The Club's Results
Fairbairn Cup 2015
1st men's VIII (Senior VIIIs)
|1st men's VIII
|in Black Prince
5th Cambridge College, 11th overall
We kept the Winter Head crew unchanged for Fairbairns after another few fours outings. Once the crew was finalised, we had an eventful Earith weekend which we thought would enable us to improve significantly while the other college crews were unable to row on the Cam: we battled high waves on the Saturday and posted quite a good 5k time in calm conditions on the Sunday. This prompted Tom to propose to rig the Empacher, a proposition that we welcomed unanimously as a crew, as rowing in the Wintech had been rather tricky despite the good technical improvements that we made while rowing in it. Unfortunately, we didn't quite find the sit and relaxation that had characterised some of our earlier rowing this term in the pre-race outings, with a bit of nerves linked with the boat and possibly the upcoming race leading to slight twitchiness and difficulties in rocking over quite as well as we had practised in the other boats.
We woke up early for a pre-race paddle (allowed exceptionally by the Fairbairns secretary due to heated discussions with his own mens' captain) which was marginally better than some of the previous days' outings but still lacked proper balance and relaxation. We tried to ignore the excitement of the novice races to focus properly on the upcoming race. The mood was one of determination and the erg warm-up with bursts allowed us to settle in to the race mentality that we needed.
The race plan was simple; given three equal sections of the race, we had three respective focuses: from the start to Chesterton corner: PLATFORM; from there to the end of the Reach: POWER; from Ditton to the finish: TECHNIQUE. This meant, more specifically, that we shouldn't go nuts during the first five minutes, and build up a proper platform for the power application afterwards.
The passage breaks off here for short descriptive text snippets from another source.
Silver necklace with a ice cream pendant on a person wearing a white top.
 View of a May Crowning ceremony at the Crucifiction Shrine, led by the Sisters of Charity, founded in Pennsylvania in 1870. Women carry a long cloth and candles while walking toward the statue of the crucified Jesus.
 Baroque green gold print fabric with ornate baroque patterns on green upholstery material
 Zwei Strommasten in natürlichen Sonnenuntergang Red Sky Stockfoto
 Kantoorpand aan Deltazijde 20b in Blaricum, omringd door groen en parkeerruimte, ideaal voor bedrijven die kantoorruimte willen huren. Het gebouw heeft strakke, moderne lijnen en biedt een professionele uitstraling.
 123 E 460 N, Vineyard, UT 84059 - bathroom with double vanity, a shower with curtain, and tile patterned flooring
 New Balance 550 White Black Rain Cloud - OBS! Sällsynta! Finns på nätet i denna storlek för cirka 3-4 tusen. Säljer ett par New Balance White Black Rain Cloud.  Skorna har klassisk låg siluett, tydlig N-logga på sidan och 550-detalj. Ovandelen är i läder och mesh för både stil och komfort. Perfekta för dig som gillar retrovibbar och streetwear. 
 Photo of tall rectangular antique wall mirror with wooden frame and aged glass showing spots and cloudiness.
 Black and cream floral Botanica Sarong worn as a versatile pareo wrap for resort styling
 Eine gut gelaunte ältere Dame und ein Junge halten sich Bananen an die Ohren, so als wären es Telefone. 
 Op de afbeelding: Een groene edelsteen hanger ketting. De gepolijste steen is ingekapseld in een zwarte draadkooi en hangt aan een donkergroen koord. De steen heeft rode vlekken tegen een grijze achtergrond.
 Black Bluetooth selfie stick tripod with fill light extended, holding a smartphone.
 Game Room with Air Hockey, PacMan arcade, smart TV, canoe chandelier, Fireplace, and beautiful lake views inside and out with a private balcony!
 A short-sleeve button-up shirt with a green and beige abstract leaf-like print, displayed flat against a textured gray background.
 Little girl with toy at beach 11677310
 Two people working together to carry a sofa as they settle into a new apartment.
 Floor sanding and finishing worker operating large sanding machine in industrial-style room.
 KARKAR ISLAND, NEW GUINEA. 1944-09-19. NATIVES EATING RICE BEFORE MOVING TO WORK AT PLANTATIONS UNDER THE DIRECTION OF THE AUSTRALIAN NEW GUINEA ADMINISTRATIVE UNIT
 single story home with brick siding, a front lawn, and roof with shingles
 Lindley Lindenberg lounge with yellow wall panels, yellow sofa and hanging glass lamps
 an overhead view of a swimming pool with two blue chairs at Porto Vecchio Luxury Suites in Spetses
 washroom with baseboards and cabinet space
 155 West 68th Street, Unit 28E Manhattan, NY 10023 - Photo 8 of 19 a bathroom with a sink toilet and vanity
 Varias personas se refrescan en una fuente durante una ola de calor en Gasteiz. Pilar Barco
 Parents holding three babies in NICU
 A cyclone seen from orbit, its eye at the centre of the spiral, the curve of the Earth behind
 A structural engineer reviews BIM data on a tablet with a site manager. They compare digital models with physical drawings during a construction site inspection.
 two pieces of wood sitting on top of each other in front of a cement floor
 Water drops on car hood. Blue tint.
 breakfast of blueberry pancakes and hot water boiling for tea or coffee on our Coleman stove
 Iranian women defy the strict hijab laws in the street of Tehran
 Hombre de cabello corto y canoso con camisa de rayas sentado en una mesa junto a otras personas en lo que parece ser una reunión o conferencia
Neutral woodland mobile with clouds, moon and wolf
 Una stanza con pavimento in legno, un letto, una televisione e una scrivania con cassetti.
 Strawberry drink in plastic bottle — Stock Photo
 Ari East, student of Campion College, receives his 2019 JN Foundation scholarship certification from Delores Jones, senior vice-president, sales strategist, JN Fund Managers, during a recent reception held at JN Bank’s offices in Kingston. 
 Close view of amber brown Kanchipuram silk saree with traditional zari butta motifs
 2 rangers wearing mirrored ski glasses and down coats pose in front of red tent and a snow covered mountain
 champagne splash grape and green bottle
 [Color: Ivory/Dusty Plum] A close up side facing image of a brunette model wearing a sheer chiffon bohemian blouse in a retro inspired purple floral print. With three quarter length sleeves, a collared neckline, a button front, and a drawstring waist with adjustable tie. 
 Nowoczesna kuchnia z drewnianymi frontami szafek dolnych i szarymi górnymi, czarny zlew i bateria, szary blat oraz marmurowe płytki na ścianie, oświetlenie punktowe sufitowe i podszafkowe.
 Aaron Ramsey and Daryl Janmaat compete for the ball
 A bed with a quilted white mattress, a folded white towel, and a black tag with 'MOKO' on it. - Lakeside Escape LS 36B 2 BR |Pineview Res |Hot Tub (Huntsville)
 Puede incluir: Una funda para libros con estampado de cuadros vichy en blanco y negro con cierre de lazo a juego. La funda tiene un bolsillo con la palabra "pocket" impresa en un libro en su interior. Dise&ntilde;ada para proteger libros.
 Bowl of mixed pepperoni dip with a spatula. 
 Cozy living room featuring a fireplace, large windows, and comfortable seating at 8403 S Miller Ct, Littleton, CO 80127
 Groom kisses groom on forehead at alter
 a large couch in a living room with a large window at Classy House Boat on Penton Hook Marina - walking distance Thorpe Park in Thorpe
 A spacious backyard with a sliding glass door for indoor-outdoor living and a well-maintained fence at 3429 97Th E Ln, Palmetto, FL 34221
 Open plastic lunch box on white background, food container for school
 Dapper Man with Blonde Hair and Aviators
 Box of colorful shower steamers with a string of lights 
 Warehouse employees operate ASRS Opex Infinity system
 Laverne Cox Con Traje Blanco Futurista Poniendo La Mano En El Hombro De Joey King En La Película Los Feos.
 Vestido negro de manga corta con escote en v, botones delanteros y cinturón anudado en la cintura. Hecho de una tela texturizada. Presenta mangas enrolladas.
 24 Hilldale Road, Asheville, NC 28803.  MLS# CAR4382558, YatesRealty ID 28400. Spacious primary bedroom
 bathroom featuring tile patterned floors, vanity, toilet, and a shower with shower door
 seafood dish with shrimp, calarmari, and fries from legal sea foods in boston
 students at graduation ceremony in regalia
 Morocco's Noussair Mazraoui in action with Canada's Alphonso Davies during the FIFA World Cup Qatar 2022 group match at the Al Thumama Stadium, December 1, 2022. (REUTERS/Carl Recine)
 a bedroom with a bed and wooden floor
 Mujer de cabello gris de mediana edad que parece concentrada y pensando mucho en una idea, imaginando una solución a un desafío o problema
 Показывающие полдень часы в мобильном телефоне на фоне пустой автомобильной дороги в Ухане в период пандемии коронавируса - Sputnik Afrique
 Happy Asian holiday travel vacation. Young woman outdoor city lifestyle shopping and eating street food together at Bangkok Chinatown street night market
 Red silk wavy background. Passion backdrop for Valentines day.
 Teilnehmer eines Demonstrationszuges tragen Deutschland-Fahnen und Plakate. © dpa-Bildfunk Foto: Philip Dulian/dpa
The middle part was self-evident, and the last focus would be necessary to keep the boat moving well through the pain and the technical corners.
The general consensus was that we executed the race plan, but that a little more power and rate would have been required to make up the 3.5 seconds to a more positive 3rd place finish (I'm excluding the Oxford colleges, who really shouldn't be competing for time, and CULRC, who were rowing time only). We started strong and a little less frantic than in some of the practise pieces, then strode down to rate 32, but it took at least a minute, until we had cleared the wash under the Elizabeth Way road bridge, to actually find a proper platform. We worked to improve this platform during the next 3-4 minutes, but lost time to Maggie and most other crews who had a more front-loaded race plan during this period. The push off Chesterton footbridge was quite strong, but the power sagged significantly from the P&E to the railway bridge. We had an awesome lift in power and commitment at the railway bridge, and we finally found our race form. The last half of the race is a bit of a blur in my memory, but we kept the power high and had awesome corners. The push down first post reach took the power even higher, and we wound to the finish at high rate, albeit losing a little cohesion at the very end.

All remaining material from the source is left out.